----- Material for the task

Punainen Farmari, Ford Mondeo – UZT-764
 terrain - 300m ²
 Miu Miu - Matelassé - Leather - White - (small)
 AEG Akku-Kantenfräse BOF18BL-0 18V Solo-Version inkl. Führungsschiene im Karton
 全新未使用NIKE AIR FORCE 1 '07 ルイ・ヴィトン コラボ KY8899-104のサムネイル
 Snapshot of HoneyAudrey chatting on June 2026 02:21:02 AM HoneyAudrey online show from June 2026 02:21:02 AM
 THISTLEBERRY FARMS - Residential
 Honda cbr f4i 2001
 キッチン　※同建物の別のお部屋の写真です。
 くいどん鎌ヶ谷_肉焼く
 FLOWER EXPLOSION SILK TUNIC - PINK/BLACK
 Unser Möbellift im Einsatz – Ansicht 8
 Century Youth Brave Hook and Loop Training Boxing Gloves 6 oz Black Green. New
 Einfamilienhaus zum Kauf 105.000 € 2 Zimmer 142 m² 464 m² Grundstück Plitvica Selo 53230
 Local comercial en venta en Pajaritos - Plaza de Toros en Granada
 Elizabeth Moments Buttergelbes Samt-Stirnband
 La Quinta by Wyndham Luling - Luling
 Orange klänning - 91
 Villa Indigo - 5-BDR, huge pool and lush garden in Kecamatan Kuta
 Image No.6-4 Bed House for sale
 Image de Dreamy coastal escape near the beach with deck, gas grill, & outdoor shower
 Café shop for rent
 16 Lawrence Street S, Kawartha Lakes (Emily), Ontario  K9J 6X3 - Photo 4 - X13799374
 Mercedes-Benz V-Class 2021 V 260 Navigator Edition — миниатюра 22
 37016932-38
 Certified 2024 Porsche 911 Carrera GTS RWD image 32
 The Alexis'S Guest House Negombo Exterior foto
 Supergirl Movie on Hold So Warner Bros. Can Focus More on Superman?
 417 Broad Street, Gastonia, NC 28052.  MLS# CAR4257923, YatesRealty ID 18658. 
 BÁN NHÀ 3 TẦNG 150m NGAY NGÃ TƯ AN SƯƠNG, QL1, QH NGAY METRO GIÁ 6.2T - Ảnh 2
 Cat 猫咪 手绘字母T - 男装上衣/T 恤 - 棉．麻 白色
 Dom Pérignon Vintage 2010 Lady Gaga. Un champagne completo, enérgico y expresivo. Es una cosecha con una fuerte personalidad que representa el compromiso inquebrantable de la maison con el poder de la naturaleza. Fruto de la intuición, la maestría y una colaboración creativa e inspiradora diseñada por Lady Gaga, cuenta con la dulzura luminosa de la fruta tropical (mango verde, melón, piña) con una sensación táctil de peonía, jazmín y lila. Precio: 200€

----------

[Exercise directions]:
Output the listing above without altering a single character.

[Finished exercise]:
Punainen Farmari, Ford Mondeo – UZT-764
 terrain - 300m ²
 Miu Miu - Matelassé - Leather - White - (small)
 AEG Akku-Kantenfräse BOF18BL-0 18V Solo-Version inkl. Führungsschiene im Karton
 全新未使用NIKE AIR FORCE 1 '07 ルイ・ヴィトン コラボ KY8899-104のサムネイル
 Snapshot of HoneyAudrey chatting on June 2026 02:21:02 AM HoneyAudrey online show from June 2026 02:21:02 AM
 THISTLEBERRY FARMS - Residential
 Honda cbr f4i 2001
 キッチン　※同建物の別のお部屋の写真です。
 くいどん鎌ヶ谷_肉焼く
 FLOWER EXPLOSION SILK TUNIC - PINK/BLACK
 Unser Möbellift im Einsatz – Ansicht 8
 Century Youth Brave Hook and Loop Training Boxing Gloves 6 oz Black Green. New
 Einfamilienhaus zum Kauf 105.000 € 2 Zimmer 142 m² 464 m² Grundstück Plitvica Selo 53230
 Local comercial en venta en Pajaritos - Plaza de Toros en Granada
 Elizabeth Moments Buttergelbes Samt-Stirnband
 La Quinta by Wyndham Luling - Luling
 Orange klänning - 91
 Villa Indigo - 5-BDR, huge pool and lush garden in Kecamatan Kuta
 Image No.6-4 Bed House for sale
 Image de Dreamy coastal escape near the beach with deck, gas grill, & outdoor shower
 Café shop for rent
 16 Lawrence Street S, Kawartha Lakes (Emily), Ontario  K9J 6X3 - Photo 4 - X13799374
 Mercedes-Benz V-Class 2021 V 260 Navigator Edition — миниатюра 22
 37016932-38
 Certified 2024 Porsche 911 Carrera GTS RWD image 32
 The Alexis'S Guest House Negombo Exterior foto
 Supergirl Movie on Hold So Warner Bros. Can Focus More on Superman?
 417 Broad Street, Gastonia, NC 28052.  MLS# CAR4257923, YatesRealty ID 18658. 
 BÁN NHÀ 3 TẦNG 150m NGAY NGÃ TƯ AN SƯƠNG, QL1, QH NGAY METRO GIÁ 6.2T - Ảnh 2
 Cat 猫咪 手绘字母T - 男装上衣/T 恤 - 棉．麻 白色
 Dom Pérignon Vintage 2010 Lady Gaga. Un champagne completo, enérgico y expresivo. Es una cosecha con una fuerte personalidad que representa el compromiso inquebrantable de la maison con el poder de la naturaleza. Fruto de la intuición, la maestría y una colaboración creativa e inspiradora diseñada por Lady Gaga, cuenta con la dulzura luminosa de la fruta tropical (mango verde, melón, piña) con una sensación táctil de peonía, jazmín y lila. Precio: 200€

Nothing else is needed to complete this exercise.